▸ EXERCISE:
The answer is to be the lines below that lie between the line holding "Hi there, if" and the line holding "Pulsed mode is", inclusive, transcribed exactly and free of pictures.

▸ Stored data entries:
___

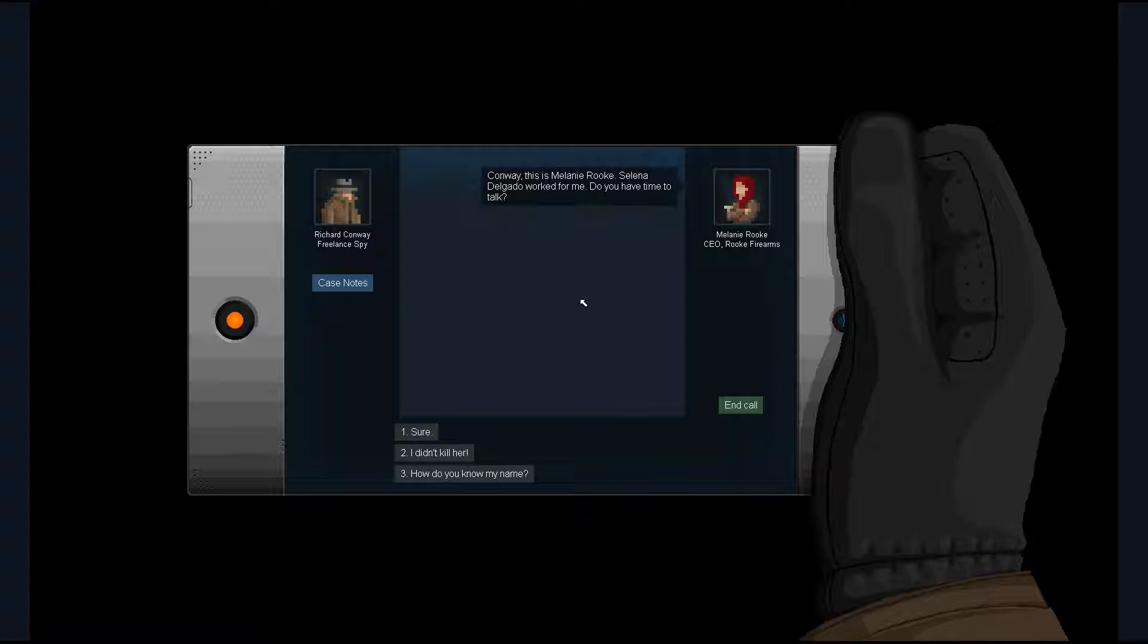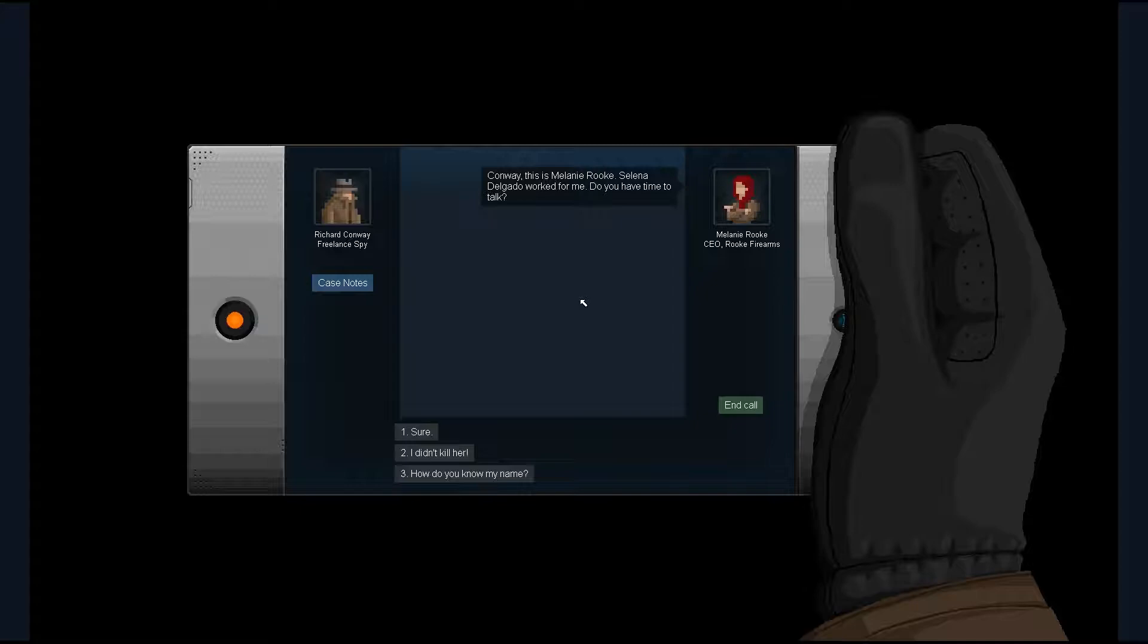My pager buzzed and I had no idea who it was. Melanie Rook. She was as innocent as a viper in a henhouse and almost as cute. She knew my name. I did not know how.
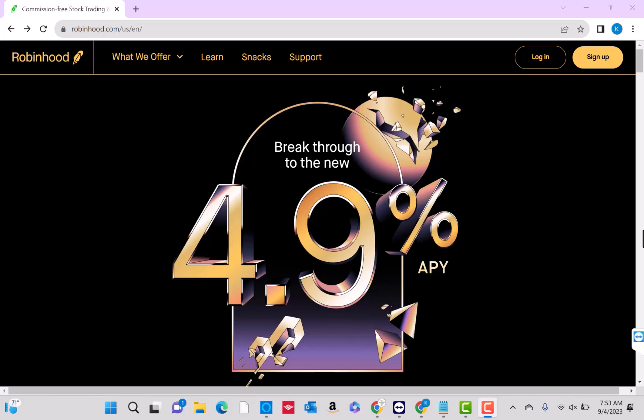If you don't have a Robinhood account yet, we will put our referral link in the description below for you to sign up and get a free stock. We will also put links in the description below for similar stock trading apps for you to sign up and get a free stock.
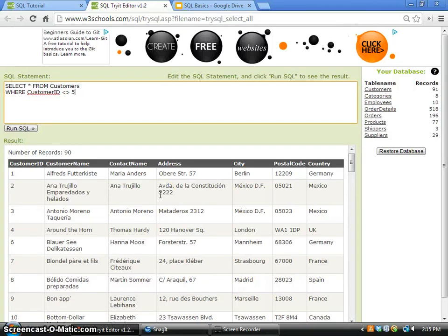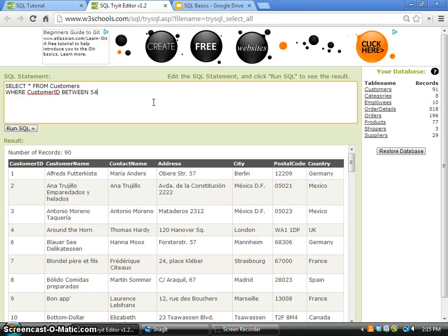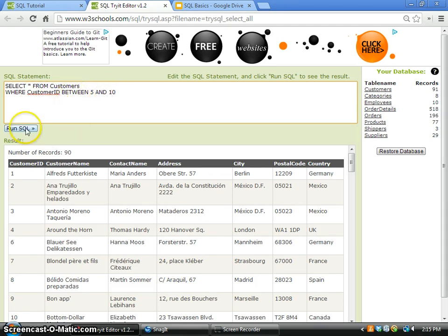Now we can look at another operator called BETWEEN. Let's say I need the customer ID between 5 and 10. We can enter something like this: customer ID BETWEEN 5 AND 10.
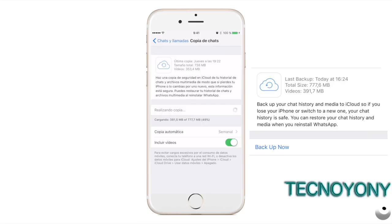Step 1: Make sure you have signed in to your iPhone using the same Apple ID which was used to take the WhatsApp chat backup. Otherwise restoring will be a lost cause. Step 2: Install the WhatsApp app on your iPhone and launch it. Step 3: Sign in to the app using the same phone number you were using earlier.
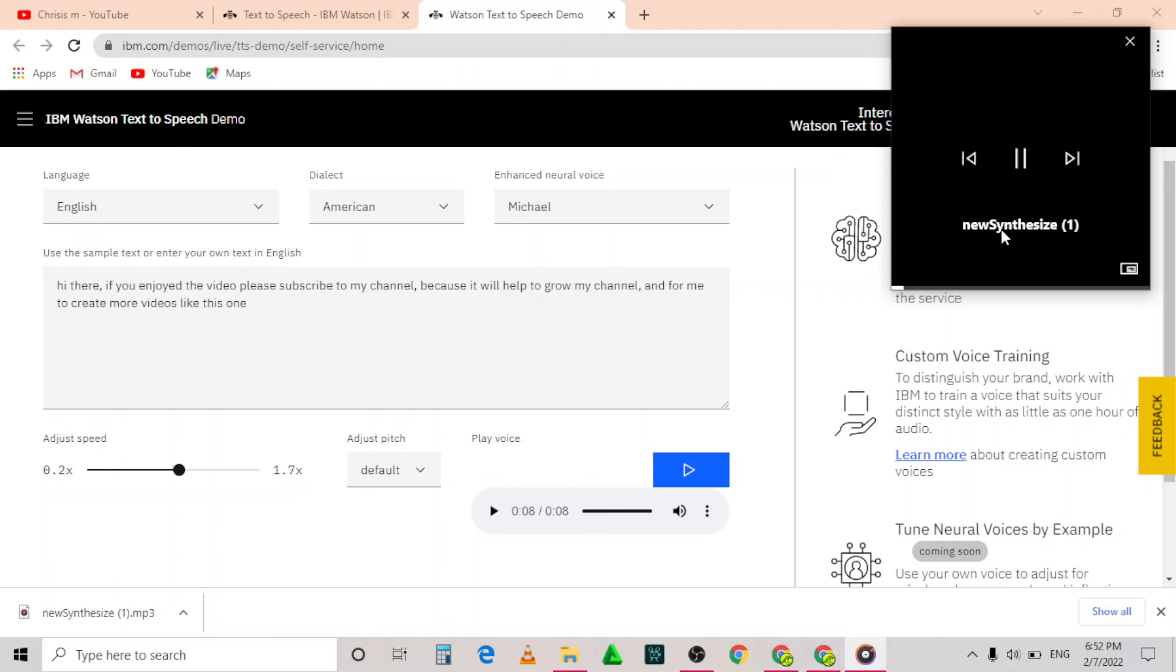Hi there, if you enjoyed the video please subscribe to my channel because it will help to grow my channel and for me to create more videos like this one.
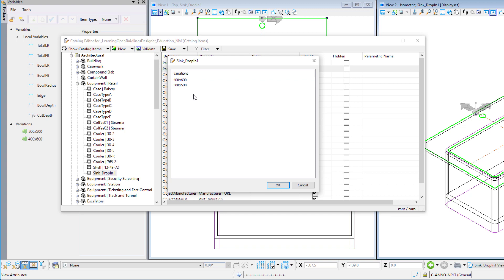This could be done if you are interested in creating fixed catalog items for a number of sink variations, perhaps several sinks from a particular manufacturer. But we're going to create a more generic catalog item that can be modified on the fly, so do not select a variation and simply select cancel.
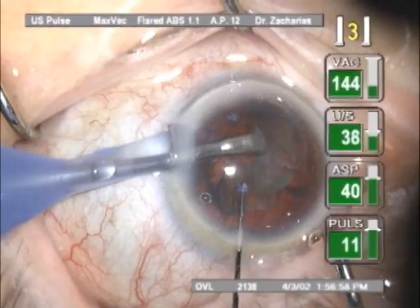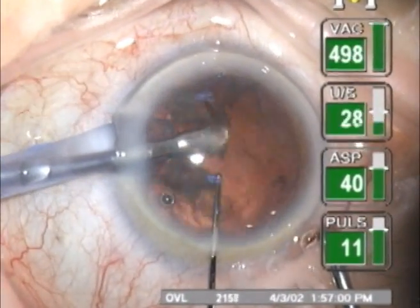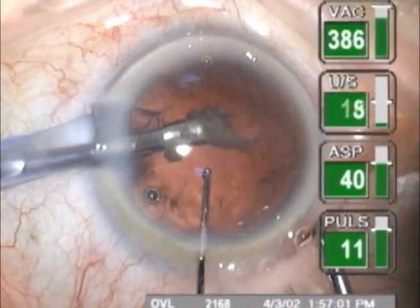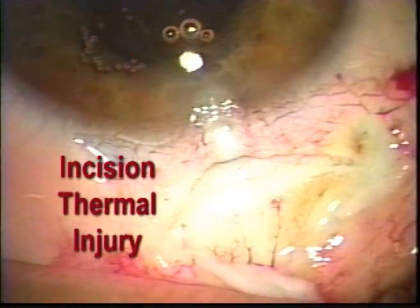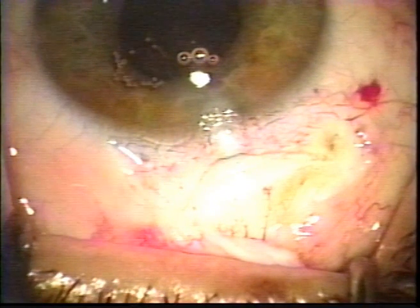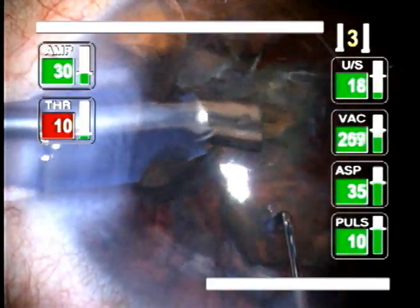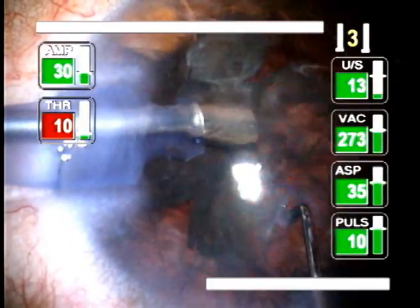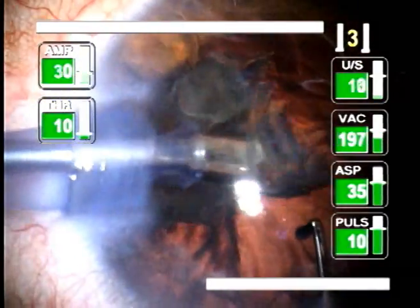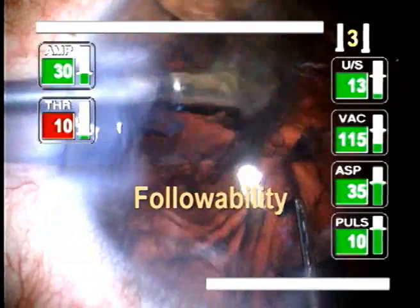Pulsed mode is useful to extract loose fragments of harder cataracts, as it reduces the risk of an incisional thermal injury because less total energy is delivered per unit time. Pulsed mode also enhances control in the aspiration of fragments and increases followability.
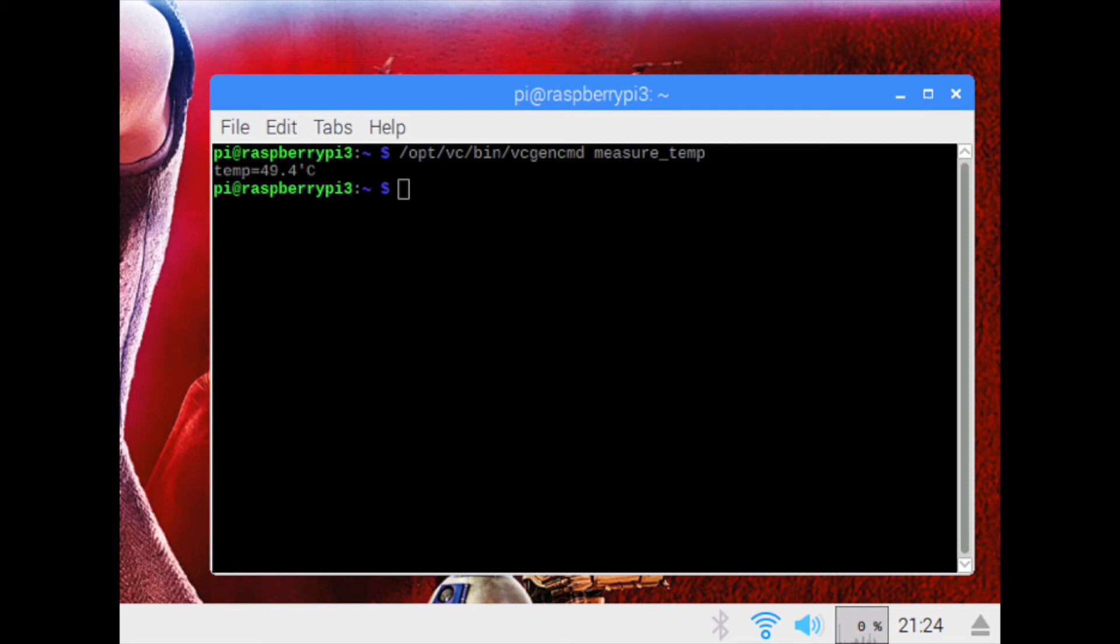As you can see here, the Raspberry Pi heats up pretty quickly. It's 49.9 degrees Celsius or about 120.9 degrees Fahrenheit, running no load at all. The ambient temperature in the room is about 23 degrees Celsius or 73 degrees Fahrenheit.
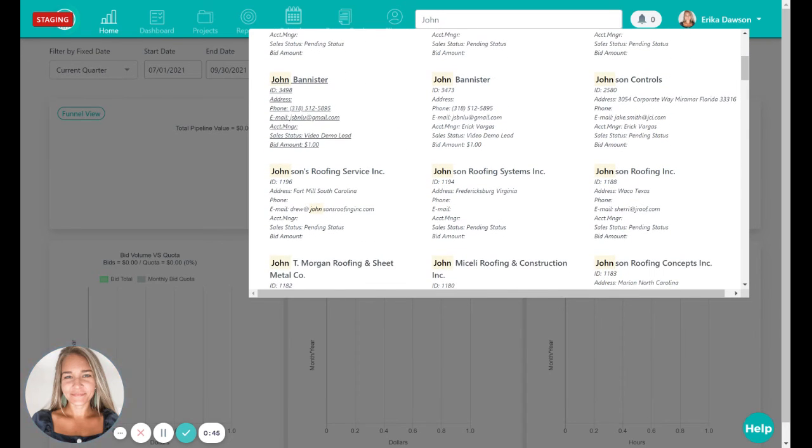To close out this search, simply click anywhere on your screen outside of this window and you'll be brought back to the page you were on.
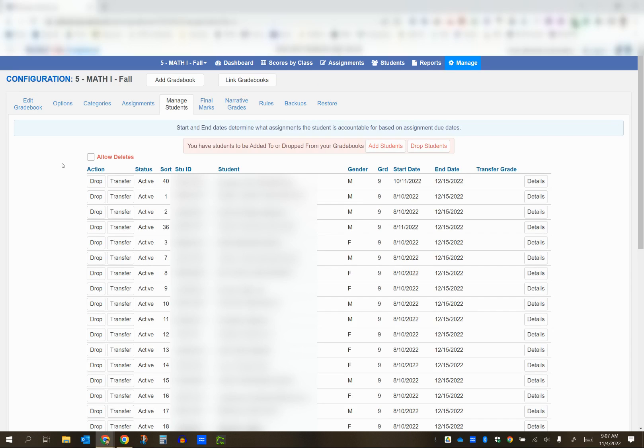Once you're in here, make sure you have added the student to your new class period. The student was previously in period 4, so I'm now adding them to period 5. I've already done that.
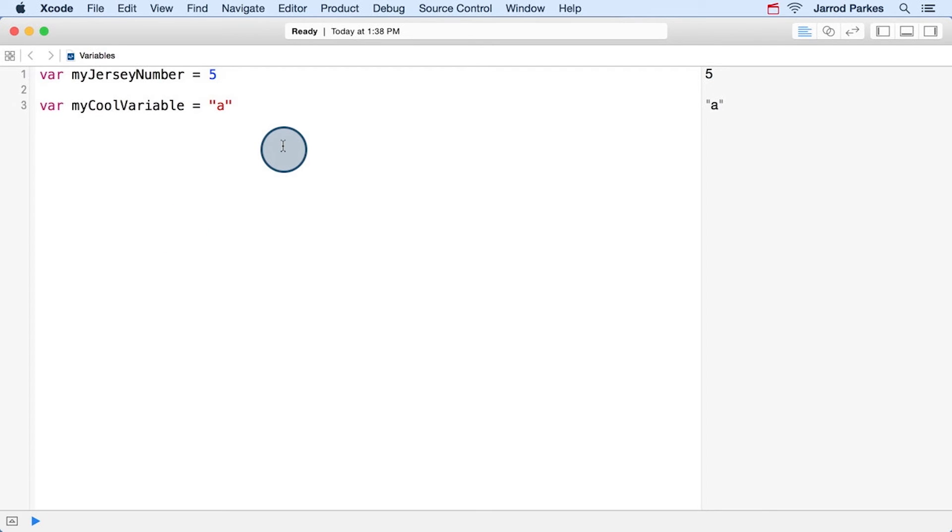What if we wanted the variable to be of character type, because it represents a single character, instead of a string type, which can represent multiple characters? Is there a way that we can help Swift do this? Actually, there is, and here's how.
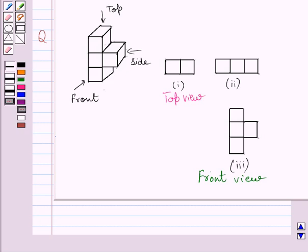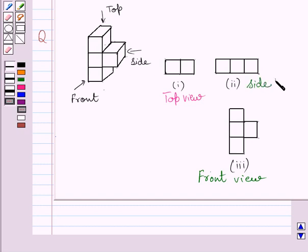Now see the solid from the side. What do you see? You can see this square, this square, and this square at the bottom. So the side view of the given solid is represented by these three squares.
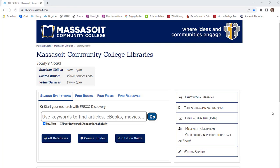On the right side of the page, you can access our chat box, email form, or make an appointment if you need assistance from a librarian. You can also find information about how to contact the Writing Center.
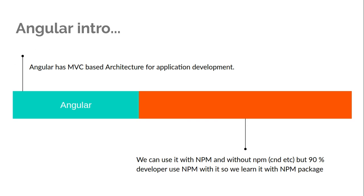In the upcoming videos we will also use the NPM package and I will tell you what are the benefits of the NPM package. So stay tuned with us.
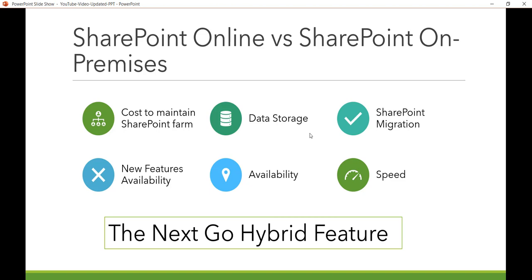The next factor is new feature availability. Office 365 and SharePoint Online offer an SLA with 99.9% availability and almost no downtime. With On-Premises, availability depends on your internal team's capabilities. New features in Office 365 come automatically when Microsoft releases them, whereas bringing those features to an On-Premises environment requires additional time. In terms of speed, SharePoint On-Premises depends on your local infrastructure, while SharePoint Online depends on Microsoft's global network of data centers, which provides low latency and high bandwidth.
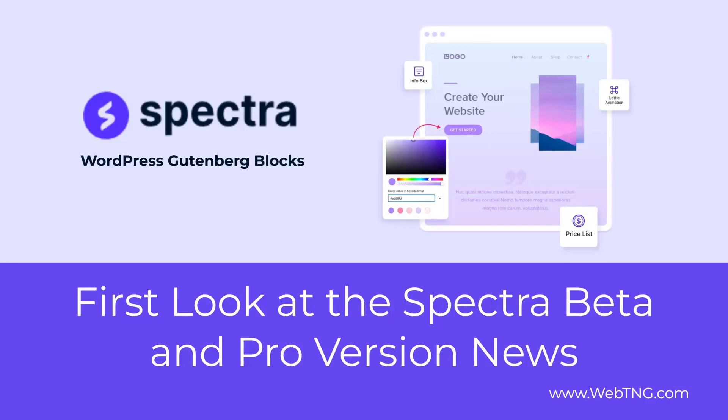Hi, this is David McCann for WebTNG. Brainstorm Force has a very popular Gutenberg add-on called Spectra. The name has just changed. It was previously called Ultimate Add-ons for Gutenberg.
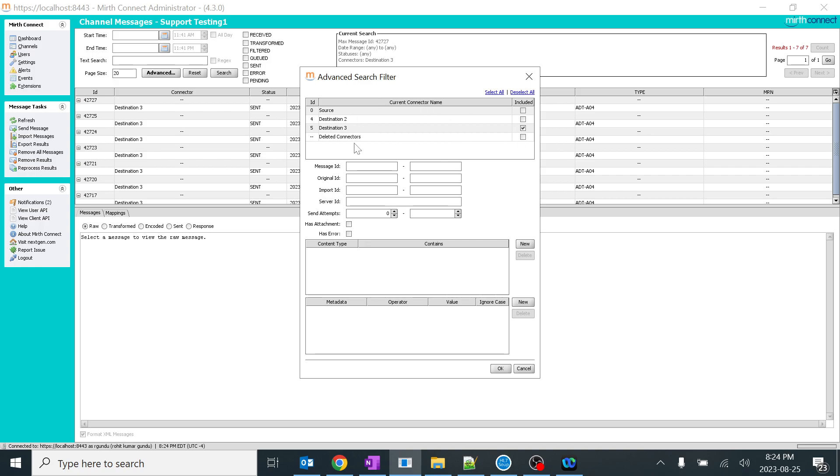We will conclude this session. We will go deep into advanced search filter, like message ID and all this process in the next video. I want to make a very short and sweet video so people will not get confused. We will look into the next video. Thank you.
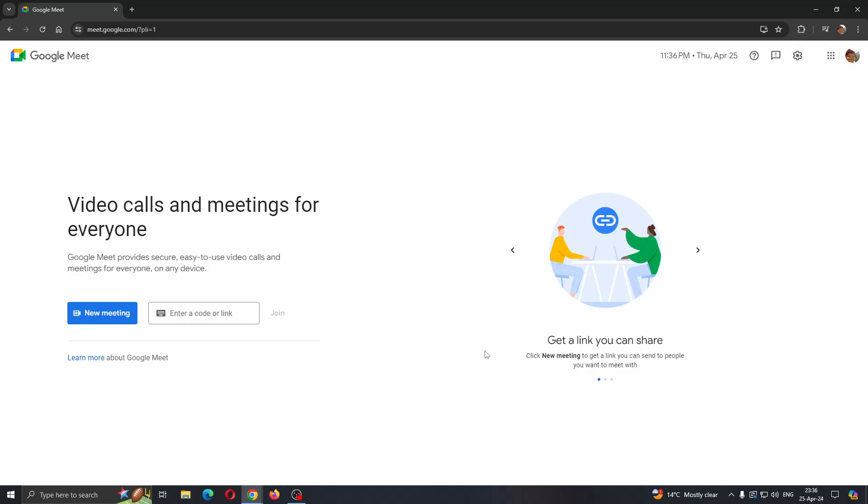After logging in, you'll be greeted by this homepage where you can see you can get started joining a new meeting or you can create a new meeting and so on.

___

▸ ANSWER:
Hi there, if you enjoyed the video please subscribe to my channel because it will help to grow my channel and for me to create more videos like this one.
This could be done if you are interested in creating fixed catalog items for a number of sink variations, perhaps several sinks from a particular manufacturer. But we're going to create a more generic catalog item that can be modified on the fly, so do not select a variation and simply select cancel.
Pulsed mode is useful to extract loose fragments of harder cataracts, as it reduces the risk of an incisional thermal injury because less total energy is delivered per unit time. Pulsed mode also enhances control in the aspiration of fragments and increases followability.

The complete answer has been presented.